BAD: Adding more nodes to “solve” unfairness, assuming capacity solves bias. GOOD: Adjusting scheduling policies to respect tenant quotas, which directly reduces the fairness index.

BAD: Setting preemptible: true on AI training pods, causing frequent restarts. GOOD: Tagging AI pods as preemptible: false and limiting preemption to non‑AI workloads.

BAD: Ignoring SLA impact and rolling out changes without an A/B test, leading to a 7‑second pod‑startup regression. GOOD: Running a bounded experiment, measuring latency, and rolling back if SLA breaches exceed 5 %.

FAQ

What metric should I monitor to know if my scheduler is fair?
Use the fairness index (max tenant usage – min tenant usage) / average usage; a value under 0.15 indicates acceptable equity.

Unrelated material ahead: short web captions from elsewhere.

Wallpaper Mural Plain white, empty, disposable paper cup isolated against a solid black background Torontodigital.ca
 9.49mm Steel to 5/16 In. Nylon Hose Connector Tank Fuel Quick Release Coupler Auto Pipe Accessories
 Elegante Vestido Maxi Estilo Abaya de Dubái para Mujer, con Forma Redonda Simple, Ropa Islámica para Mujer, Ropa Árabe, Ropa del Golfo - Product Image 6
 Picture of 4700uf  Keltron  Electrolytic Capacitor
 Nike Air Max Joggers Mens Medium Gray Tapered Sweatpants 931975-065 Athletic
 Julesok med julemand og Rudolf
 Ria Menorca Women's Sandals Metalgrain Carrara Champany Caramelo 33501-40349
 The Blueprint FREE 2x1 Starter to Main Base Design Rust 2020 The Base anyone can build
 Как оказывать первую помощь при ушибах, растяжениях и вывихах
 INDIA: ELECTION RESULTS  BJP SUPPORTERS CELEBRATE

Can I fix fairness without touching the scheduler code?
Yes, by enforcing NamespaceQuota and PodDisruptionBudget limits; these controls can achieve a fairness index drop from 0.30 to 0.08 without code changes.

How long does a typical rollout of these policies take?
In practice, a production rollout spans 3 days for configuration, 2 days for A/B testing, and 1 day for executive sign‑off, totaling 6 days from start to greenlight.amazon.com/dp/B0GWWJQ2S3).